The United States has exercised military, intelligence and law enforcement to counter violent extremism globally, but a new report from a Washington, D.C., think-tank calls for the incoming Donald Trump administration to also spend $1 billion on soft power to get at the root causes driving radicalization.
The “Turning Point” report from the Center for Strategic and International Studies, released this week, sees a broader, integrated and comprehensive approach drawing on the government, private sector—especially technology companies, and nongovernmental organizations—as a means, when coupled with hard power, of reducing extremists’ success in radicalizing and recruiting youth.
“We can’t kill our way to victory,” Leon Panetta, former secretary of Defense and CIA director, said at an event rolling out the report. “What’s in this report is what we’ve learned in the last 15 years” to counter violent extremists and how to do it more effectively.
Former U.K. Prime Minister Tony Blair said, it is critical “to win the battle of ideas, not just arms.” He added that countering violent extremism is the issue not only for the United States, but also Europe. He cited the attacks in Paris and Nice in France, and Brussels in Belgium as examples.
Adding and funding soft power initiatives that work meets the broader generational challenge violent extremism poses. For the incoming administration it also demonstrates it is “serious about trying to confront those issues. . . . You can’t just bob and weave” if there is an attack in the United States, Panetta added.
He said that in some real ways the recommendations in the report, which was written before the election, reflect the president-elect’s thinking on not using military force to handle every crisis
Quoting Genghis Khan, Blair said, “The hard part is governing,” not campaigning for office or conquering territory from horseback.
The report also would have one person responsible for handling the soft power mission. That person would have the ear of the president and be responsible to the president and Congress.
The initiative that produced the report, launched in February and co-chaired by Panetta and Blair, included an 8,000-person survey, some done online and believed to be the largest poll on violent extremism. Participants were drawn from the United States, United Kingdom, France, Turkey, Indonesia, Egypt and India. The questions asked opinions on whether violent extremists’ would be able to gain weapons of mass destruction [the majority said yes], the extremists did what they do to make Islam look bad [a majority in Muslim countries agreed], and what needs to be done to counter the extremists’ appeal with dozens of options to choose from, etc.

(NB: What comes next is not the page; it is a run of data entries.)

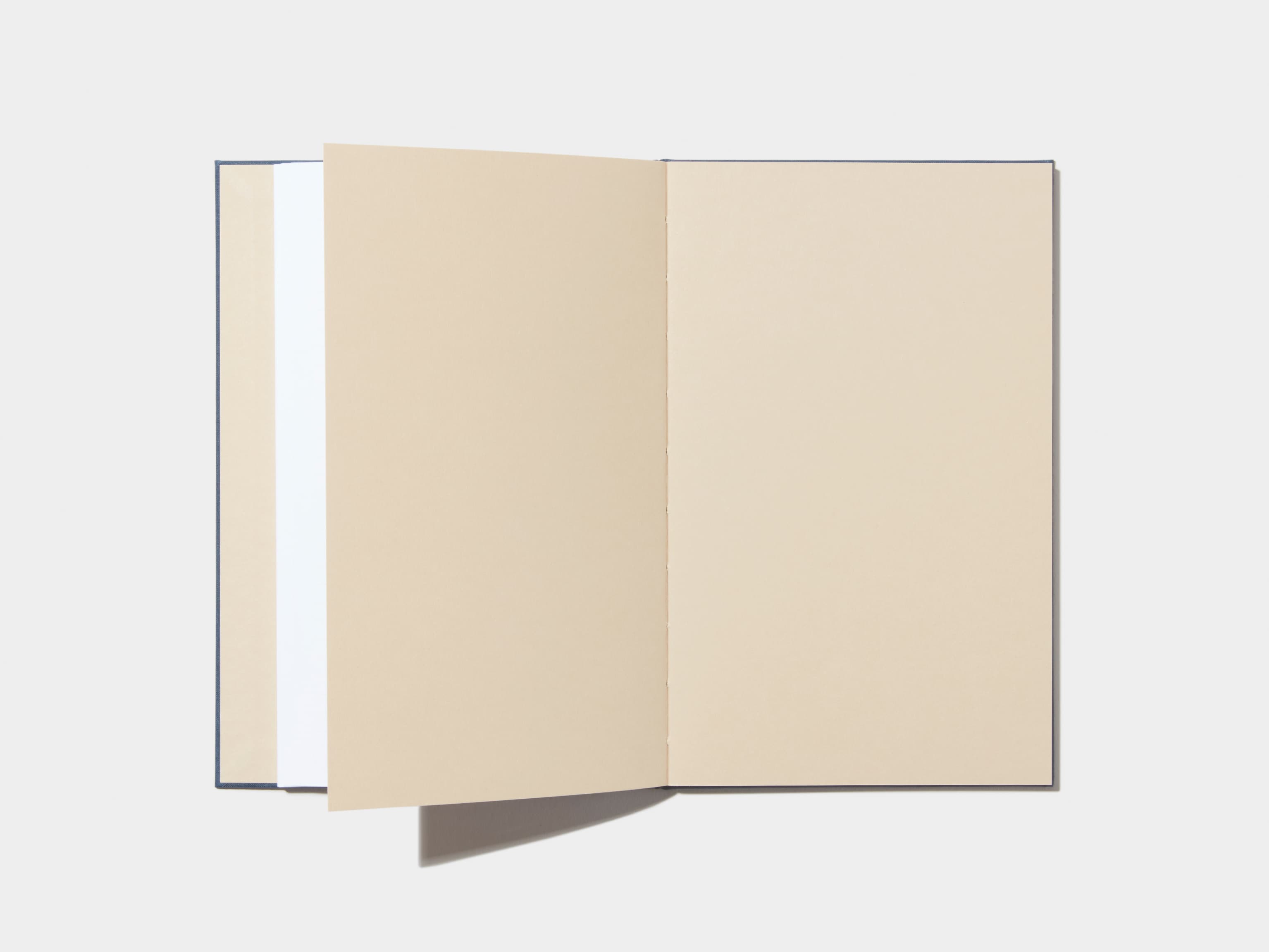 An opened Midnight Blue Hardcover Notebook with empty pages 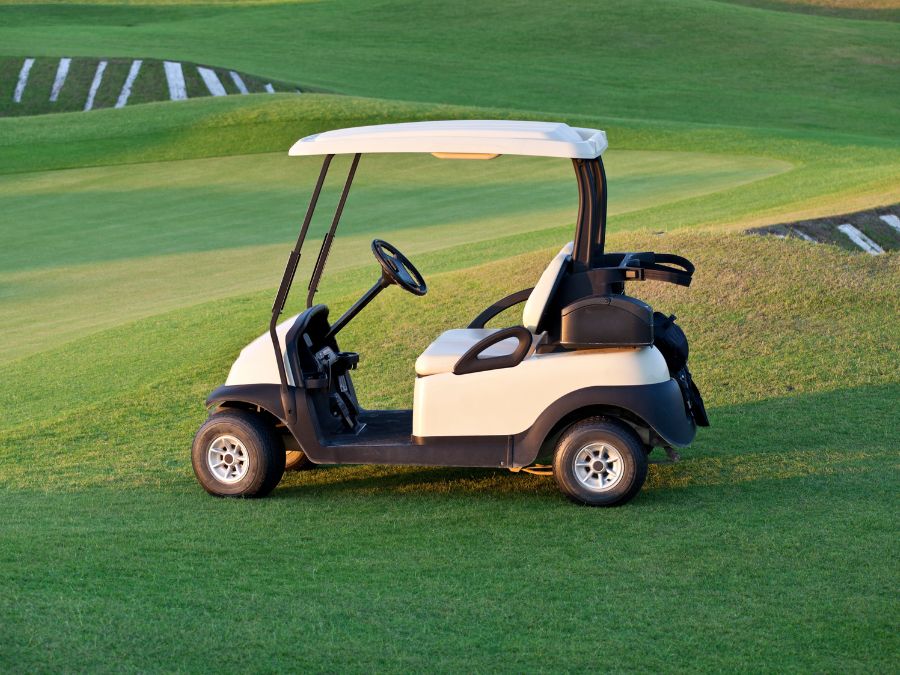 Golf cart parked on a well-manicured golf course with rolling green hills in the background.
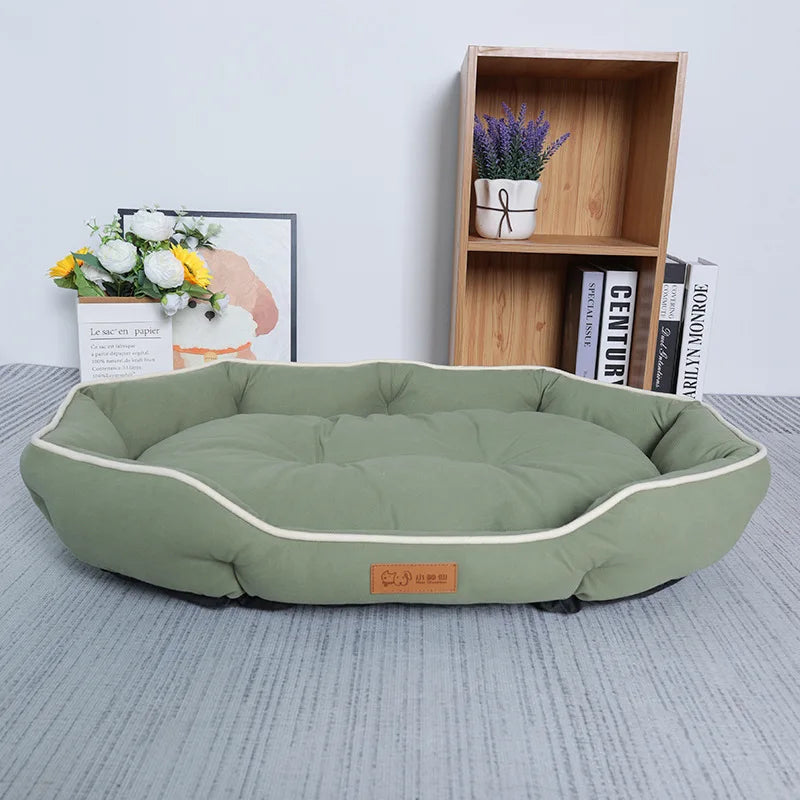 Large plush sofa bed for pets, sage green cushion with white piping and rounded sides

Shannon Green, director of CSIS’ Human Rights Initiative, said Tuesday it recognizes
“a metastasizing of the threat” of violent extremism across the world and “posing a fundamental threat” to Muslim and non-Muslim nations.
Panetta mentioned the Islamic State now claiming adherents in Syria, Iraq, Libya and parts of Africa and south Asia; al-Shabaab, based in southern Somalia but carrying out terrorist attacks in neighboring countries like Kenya; and Boko Haram, based in northeastern Nigeria and carrying out attacks in surrounding countries as demonstrating how the extremist threat has expanded over time and territory.

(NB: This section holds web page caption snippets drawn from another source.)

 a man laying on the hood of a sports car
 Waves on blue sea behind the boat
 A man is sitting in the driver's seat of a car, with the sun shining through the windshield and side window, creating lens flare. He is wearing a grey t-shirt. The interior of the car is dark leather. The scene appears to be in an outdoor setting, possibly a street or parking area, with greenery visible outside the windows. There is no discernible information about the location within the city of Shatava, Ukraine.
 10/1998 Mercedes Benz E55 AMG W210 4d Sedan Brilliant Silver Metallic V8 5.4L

Violent extremists “are recruiting a demographic group that is Muslim,” Farah Pandith, a former special representative to Muslim communities in the George W. Bush and Barack Obama administrations, said.
Imam Mohammed Magid, chairman of the International Interfaith Peace Corps and also a commission member panel, said, “We do believe American Muslims have to take ownership” of this issue of countering violent extremists coming from their community. He said the community has had some measure of success in doing this in the United States.

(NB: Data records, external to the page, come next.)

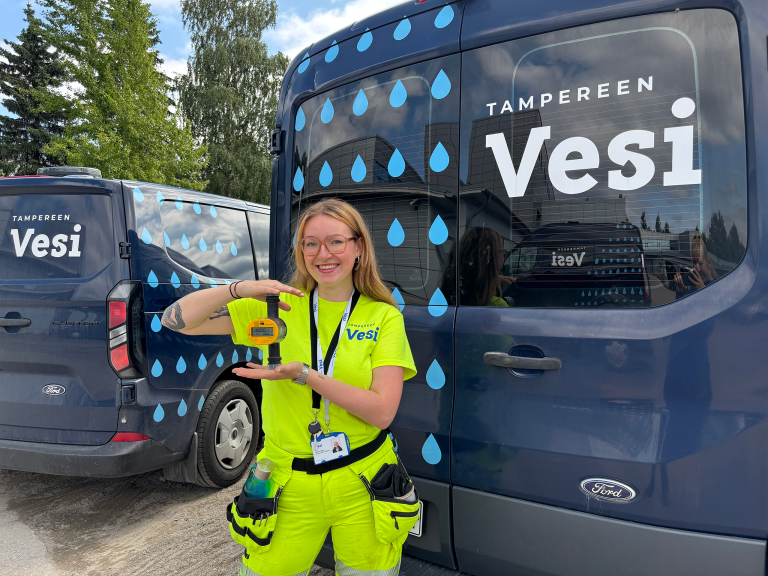 Arnika Tikka pitämässä etäluettavaa vesimittaria kädessä, Tampereen Veden autojen edessä.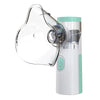 A clear handheld medical nebulizer device with a white and mint green body is shown.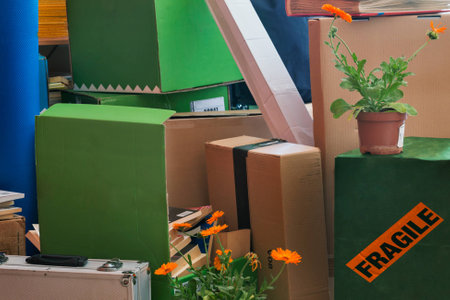 A stack of different size boxes ready to move. Several books appear between the boxes, in the foreground there is a metal case and a potted flower, in the background a photo album and another potted flower.A sticker on a box saysの写真素材
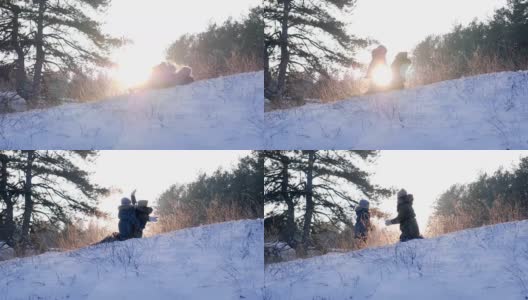 快乐的冬天休息，妈妈和儿子在雪地上背光玩在森林背景美丽的自然高清在线视频素材下载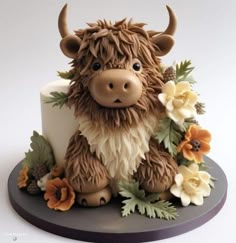 there is a cake decorated like a cow with flowers on it's head and horns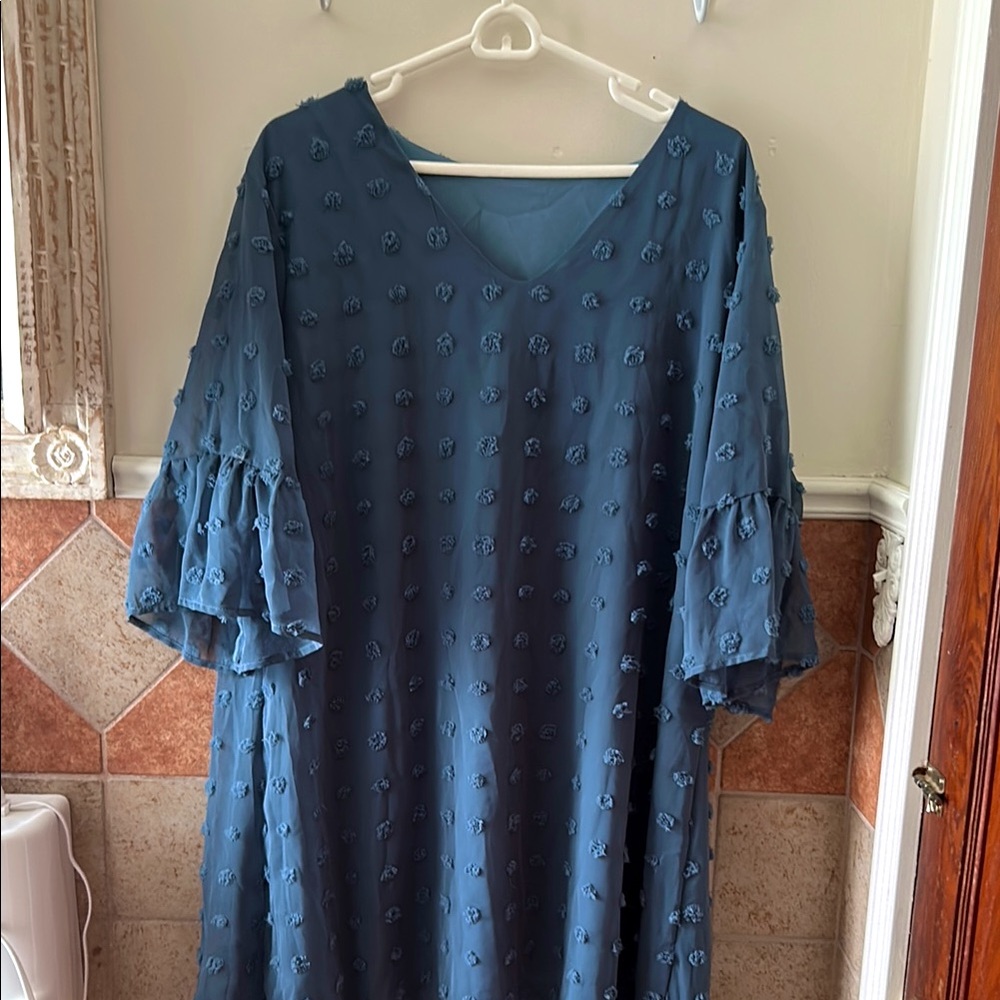 Blue tufted dot dress with ruffled sleeves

But “Muslim American would like to be looked at as prospects not suspects” in this endeavor, he added.
Magid said there are 1.5 billion Muslims today.
Mark Penn, president of the Stagwell Group that conducted the survey, noted “so few NGOs that are involved” in countering violent extremism. Complicating the matter with the NGOs is their small size and concentration on a single issue. Pandith said their attitude is: “I don’t want to be told what to do.”
She asked rhetorically, “How do you expect them to do it if they don’t have the money?”
The question that has to be answered in countering violent extremists: “Who’s actually going to do the work?”
As for the future, Blair said a better measure of success is not only reducing the number of attacks but “people feeling confident the government has the right tools to deal with It” and a global coalition to counter it.
“A lot will depend on [providing stability] to the breeding grounds” of the failed states in Syria, Libya and Yemen, Panetta said. Success also means giving “hope to young people they have some chance of success” in life.